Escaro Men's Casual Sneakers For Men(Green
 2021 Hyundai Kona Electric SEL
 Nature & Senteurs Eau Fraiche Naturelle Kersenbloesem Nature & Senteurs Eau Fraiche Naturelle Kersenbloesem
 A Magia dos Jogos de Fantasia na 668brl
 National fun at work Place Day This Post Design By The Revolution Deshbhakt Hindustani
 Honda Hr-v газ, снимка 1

+===+

* _TO DO_
Transcribe, in full, each record that appears above.

* _EXERCISE RESPONSE_
Escaro Men's Casual Sneakers For Men(Green
 2021 Hyundai Kona Electric SEL
 Nature & Senteurs Eau Fraiche Naturelle Kersenbloesem Nature & Senteurs Eau Fraiche Naturelle Kersenbloesem
 A Magia dos Jogos de Fantasia na 668brl
 National fun at work Place Day This Post Design By The Revolution Deshbhakt Hindustani
 Honda Hr-v газ, снимка 1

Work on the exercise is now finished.